| STORED DATA |
☆ ☆ ☆ ☆ ☆

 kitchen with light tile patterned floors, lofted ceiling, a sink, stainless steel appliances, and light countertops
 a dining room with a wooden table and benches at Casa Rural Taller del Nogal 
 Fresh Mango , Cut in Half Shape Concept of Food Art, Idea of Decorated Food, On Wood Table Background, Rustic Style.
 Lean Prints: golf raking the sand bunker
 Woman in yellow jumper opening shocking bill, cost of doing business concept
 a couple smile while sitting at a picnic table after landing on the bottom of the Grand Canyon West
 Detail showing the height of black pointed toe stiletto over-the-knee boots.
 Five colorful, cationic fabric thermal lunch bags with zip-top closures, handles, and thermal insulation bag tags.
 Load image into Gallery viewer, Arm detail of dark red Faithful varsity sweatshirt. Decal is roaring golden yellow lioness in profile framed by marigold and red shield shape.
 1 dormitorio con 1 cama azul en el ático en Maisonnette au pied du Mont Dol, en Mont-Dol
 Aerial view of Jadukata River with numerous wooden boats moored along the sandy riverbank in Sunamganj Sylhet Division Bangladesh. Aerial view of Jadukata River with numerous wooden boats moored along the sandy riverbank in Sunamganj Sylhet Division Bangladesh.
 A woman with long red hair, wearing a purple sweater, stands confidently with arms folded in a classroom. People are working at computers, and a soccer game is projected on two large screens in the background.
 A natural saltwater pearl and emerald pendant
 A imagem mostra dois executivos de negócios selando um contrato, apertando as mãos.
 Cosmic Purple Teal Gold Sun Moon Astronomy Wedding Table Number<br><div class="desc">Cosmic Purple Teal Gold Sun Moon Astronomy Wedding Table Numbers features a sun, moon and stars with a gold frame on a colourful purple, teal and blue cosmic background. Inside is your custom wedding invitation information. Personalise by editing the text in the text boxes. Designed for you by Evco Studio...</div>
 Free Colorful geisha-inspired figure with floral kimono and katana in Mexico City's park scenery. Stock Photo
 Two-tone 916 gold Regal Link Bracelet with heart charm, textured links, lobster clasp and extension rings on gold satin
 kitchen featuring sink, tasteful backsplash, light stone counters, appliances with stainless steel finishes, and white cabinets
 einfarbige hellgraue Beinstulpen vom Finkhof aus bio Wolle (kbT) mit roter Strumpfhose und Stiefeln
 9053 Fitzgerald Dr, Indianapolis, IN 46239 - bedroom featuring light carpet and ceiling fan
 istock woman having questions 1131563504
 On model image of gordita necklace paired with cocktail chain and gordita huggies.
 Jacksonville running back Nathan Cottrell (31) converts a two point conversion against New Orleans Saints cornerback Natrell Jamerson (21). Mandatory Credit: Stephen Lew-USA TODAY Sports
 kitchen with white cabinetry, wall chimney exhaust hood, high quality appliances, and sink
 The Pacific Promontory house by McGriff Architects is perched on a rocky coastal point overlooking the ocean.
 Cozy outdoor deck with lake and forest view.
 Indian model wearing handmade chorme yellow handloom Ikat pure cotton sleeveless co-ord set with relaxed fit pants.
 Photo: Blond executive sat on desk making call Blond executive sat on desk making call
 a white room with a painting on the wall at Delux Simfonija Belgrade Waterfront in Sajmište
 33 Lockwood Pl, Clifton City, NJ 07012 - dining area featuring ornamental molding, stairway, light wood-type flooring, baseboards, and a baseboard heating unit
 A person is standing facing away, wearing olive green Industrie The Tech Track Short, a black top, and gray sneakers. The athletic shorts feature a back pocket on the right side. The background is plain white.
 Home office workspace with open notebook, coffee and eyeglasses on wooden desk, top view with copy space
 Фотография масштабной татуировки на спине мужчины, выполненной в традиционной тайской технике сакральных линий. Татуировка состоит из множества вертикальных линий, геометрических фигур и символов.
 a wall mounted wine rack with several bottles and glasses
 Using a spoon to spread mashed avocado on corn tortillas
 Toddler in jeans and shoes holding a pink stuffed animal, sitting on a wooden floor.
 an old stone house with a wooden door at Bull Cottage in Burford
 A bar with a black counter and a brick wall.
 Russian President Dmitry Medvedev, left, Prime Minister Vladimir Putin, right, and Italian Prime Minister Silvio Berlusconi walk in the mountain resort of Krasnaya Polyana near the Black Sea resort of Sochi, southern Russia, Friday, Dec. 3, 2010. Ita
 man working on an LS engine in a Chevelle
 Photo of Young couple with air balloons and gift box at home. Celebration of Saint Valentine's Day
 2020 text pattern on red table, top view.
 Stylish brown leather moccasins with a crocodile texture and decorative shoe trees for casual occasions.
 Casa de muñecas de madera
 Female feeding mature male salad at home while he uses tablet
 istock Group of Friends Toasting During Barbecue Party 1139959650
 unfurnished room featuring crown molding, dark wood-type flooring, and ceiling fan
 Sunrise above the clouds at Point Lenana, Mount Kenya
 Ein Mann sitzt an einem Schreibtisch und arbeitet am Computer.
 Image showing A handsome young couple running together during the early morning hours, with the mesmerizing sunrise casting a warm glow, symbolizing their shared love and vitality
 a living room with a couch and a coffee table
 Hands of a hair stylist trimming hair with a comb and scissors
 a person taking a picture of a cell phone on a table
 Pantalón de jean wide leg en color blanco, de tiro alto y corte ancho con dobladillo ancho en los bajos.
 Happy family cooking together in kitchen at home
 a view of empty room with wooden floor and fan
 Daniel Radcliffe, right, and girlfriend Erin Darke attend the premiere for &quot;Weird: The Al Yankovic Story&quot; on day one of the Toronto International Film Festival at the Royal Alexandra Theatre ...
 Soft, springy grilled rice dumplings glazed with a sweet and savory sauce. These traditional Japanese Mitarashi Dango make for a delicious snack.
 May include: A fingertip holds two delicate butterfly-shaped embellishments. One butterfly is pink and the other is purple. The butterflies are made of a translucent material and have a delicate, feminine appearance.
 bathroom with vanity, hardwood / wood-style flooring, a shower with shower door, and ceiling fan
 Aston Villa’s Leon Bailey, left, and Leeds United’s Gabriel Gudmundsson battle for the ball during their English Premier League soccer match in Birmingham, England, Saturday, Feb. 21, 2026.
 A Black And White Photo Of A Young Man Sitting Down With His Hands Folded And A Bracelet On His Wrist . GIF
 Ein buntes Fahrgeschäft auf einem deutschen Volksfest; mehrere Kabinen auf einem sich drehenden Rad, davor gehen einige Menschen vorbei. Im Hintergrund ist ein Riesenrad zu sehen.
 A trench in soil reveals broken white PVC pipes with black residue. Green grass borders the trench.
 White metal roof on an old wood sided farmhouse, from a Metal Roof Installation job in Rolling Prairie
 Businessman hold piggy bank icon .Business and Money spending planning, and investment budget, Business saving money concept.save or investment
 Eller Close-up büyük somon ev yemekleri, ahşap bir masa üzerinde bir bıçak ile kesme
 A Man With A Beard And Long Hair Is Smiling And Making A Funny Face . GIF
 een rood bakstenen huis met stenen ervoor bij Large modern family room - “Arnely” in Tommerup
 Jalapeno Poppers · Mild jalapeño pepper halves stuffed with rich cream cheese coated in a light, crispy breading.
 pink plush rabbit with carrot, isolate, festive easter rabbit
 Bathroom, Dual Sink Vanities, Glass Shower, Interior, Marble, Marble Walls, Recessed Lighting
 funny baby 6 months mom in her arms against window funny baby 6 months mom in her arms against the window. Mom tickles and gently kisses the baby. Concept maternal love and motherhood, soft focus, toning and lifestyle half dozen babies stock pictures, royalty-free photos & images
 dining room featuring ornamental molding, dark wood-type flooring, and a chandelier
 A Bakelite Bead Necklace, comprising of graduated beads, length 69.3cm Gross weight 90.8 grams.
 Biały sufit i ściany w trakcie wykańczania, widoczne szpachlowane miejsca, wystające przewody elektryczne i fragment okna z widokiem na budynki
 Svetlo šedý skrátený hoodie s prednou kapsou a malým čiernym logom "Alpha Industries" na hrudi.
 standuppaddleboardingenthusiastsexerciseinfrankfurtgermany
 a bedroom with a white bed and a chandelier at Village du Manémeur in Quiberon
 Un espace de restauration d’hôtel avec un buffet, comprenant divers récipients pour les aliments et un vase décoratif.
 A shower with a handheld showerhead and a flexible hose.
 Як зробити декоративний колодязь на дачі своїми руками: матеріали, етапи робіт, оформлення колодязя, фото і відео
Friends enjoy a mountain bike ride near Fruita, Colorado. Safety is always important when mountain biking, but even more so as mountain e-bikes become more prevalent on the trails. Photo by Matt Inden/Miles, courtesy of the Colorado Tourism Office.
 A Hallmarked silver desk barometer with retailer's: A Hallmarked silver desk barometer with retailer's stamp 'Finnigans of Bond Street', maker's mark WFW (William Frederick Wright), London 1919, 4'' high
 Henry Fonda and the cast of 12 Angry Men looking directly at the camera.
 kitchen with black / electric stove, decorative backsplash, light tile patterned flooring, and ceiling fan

☆ ☆ ☆ ☆ ☆

Whatever else the listing above holds, retype exactly only the lines from the one containing "a dining room" to the one containing "Lean Prints: golf raking the sand bunker", both ends kept.

| SOLUTION TO THIS EXERCISE |
 a dining room with a wooden table and benches at Casa Rural Taller del Nogal 
 Fresh Mango , Cut in Half Shape Concept of Food Art, Idea of Decorated Food, On Wood Table Background, Rustic Style.
 Lean Prints: golf raking the sand bunker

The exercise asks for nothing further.